From the records below, please repeat exactly the line that has "Tampilan gameplay PAKARJP", the line that has "Mesa Auxiliar En", and every line between them, and nothing else.

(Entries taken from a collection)
• • • • •

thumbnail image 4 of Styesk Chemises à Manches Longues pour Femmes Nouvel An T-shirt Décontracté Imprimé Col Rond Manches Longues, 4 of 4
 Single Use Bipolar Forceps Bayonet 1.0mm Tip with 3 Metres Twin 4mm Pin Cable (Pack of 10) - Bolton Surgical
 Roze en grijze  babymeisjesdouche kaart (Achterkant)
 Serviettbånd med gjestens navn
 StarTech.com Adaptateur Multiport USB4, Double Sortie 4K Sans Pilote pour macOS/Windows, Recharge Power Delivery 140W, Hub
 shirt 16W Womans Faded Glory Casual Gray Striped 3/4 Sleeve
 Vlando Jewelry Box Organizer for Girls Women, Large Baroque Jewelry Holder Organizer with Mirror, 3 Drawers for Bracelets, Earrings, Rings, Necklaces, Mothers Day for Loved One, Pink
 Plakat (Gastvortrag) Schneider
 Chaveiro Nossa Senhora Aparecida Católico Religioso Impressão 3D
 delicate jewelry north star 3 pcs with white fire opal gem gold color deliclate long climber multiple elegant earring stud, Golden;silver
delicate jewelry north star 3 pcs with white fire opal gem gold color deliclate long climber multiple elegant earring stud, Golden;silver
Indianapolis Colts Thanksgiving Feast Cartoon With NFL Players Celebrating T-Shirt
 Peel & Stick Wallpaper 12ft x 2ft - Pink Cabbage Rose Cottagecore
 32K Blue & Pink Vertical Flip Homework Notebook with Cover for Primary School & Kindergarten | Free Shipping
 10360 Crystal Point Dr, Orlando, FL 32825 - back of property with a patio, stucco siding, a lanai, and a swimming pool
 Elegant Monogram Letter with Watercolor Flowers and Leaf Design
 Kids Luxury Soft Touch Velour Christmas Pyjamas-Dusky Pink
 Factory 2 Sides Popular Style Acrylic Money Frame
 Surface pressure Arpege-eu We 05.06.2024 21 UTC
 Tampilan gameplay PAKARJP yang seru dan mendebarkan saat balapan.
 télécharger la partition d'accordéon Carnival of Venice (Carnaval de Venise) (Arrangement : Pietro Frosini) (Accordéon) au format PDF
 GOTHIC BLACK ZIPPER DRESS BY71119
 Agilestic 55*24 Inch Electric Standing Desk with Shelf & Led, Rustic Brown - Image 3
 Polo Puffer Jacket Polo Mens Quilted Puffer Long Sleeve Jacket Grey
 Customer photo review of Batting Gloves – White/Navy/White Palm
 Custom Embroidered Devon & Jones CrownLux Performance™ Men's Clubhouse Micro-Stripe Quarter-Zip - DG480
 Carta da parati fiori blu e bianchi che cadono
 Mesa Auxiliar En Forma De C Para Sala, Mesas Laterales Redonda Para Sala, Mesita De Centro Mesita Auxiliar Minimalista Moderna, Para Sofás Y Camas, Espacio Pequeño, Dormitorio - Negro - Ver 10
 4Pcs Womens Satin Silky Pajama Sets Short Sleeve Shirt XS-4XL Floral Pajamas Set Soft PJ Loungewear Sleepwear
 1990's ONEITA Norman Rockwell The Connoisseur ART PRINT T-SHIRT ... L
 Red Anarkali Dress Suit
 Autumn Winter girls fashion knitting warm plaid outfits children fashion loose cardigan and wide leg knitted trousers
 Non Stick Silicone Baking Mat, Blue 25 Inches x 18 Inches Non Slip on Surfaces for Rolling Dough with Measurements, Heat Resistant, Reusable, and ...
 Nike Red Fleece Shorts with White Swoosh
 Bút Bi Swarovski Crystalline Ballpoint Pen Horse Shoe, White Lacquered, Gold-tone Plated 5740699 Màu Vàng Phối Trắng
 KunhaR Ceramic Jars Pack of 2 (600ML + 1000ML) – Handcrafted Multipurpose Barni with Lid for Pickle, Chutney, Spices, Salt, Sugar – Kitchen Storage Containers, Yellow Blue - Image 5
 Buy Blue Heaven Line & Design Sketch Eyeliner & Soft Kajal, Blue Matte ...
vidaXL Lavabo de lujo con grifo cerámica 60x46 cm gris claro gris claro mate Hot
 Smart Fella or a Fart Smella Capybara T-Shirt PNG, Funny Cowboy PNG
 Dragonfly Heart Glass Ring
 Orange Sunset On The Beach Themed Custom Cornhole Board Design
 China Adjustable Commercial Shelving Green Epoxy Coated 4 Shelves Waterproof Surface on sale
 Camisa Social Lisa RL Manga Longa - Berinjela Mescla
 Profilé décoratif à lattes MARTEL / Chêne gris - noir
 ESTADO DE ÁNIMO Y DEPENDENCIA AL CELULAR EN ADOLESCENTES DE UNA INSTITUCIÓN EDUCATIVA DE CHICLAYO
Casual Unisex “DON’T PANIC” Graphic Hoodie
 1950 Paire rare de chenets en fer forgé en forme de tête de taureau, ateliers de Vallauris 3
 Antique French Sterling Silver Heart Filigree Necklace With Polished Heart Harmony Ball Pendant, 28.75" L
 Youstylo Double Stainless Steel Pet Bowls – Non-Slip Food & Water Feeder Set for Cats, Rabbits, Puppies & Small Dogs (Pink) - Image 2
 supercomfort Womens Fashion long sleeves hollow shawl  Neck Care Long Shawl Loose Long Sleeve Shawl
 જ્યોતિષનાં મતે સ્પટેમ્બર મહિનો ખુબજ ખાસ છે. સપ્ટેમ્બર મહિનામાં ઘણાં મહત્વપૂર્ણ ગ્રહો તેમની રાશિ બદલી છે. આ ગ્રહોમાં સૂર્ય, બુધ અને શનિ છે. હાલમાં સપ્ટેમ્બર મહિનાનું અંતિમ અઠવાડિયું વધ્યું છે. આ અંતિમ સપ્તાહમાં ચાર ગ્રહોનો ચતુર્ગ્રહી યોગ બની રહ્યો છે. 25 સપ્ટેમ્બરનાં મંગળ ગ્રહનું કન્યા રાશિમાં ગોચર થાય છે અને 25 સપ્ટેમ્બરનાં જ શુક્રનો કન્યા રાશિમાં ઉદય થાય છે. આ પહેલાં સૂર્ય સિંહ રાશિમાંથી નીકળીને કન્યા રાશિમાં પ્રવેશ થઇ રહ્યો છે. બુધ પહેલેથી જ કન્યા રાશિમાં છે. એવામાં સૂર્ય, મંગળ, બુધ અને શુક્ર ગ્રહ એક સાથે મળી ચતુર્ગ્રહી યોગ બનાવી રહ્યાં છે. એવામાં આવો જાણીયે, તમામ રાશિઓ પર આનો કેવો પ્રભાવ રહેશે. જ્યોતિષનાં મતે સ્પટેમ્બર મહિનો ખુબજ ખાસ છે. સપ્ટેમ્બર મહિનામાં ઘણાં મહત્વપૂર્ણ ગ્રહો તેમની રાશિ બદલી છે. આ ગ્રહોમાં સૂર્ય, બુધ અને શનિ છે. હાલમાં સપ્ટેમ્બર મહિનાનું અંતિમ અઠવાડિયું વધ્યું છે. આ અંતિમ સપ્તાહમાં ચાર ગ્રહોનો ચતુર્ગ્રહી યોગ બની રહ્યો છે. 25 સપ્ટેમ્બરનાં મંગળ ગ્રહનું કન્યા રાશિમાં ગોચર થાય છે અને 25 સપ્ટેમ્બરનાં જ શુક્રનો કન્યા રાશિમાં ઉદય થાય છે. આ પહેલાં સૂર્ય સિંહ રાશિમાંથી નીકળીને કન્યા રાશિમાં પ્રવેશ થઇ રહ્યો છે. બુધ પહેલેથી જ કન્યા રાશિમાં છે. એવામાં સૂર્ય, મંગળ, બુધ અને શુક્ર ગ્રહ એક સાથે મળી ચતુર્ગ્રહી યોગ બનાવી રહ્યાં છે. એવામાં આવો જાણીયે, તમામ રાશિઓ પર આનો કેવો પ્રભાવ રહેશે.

• • • • •

● **RESPONSE TO THIS TASK**
 Tampilan gameplay PAKARJP yang seru dan mendebarkan saat balapan.
 télécharger la partition d'accordéon Carnival of Venice (Carnaval de Venise) (Arrangement : Pietro Frosini) (Accordéon) au format PDF
 GOTHIC BLACK ZIPPER DRESS BY71119
 Agilestic 55*24 Inch Electric Standing Desk with Shelf & Led, Rustic Brown - Image 3
 Polo Puffer Jacket Polo Mens Quilted Puffer Long Sleeve Jacket Grey
 Customer photo review of Batting Gloves – White/Navy/White Palm
 Custom Embroidered Devon & Jones CrownLux Performance™ Men's Clubhouse Micro-Stripe Quarter-Zip - DG480
 Carta da parati fiori blu e bianchi che cadono
 Mesa Auxiliar En Forma De C Para Sala, Mesas Laterales Redonda Para Sala, Mesita De Centro Mesita Auxiliar Minimalista Moderna, Para Sofás Y Camas, Espacio Pequeño, Dormitorio - Negro - Ver 10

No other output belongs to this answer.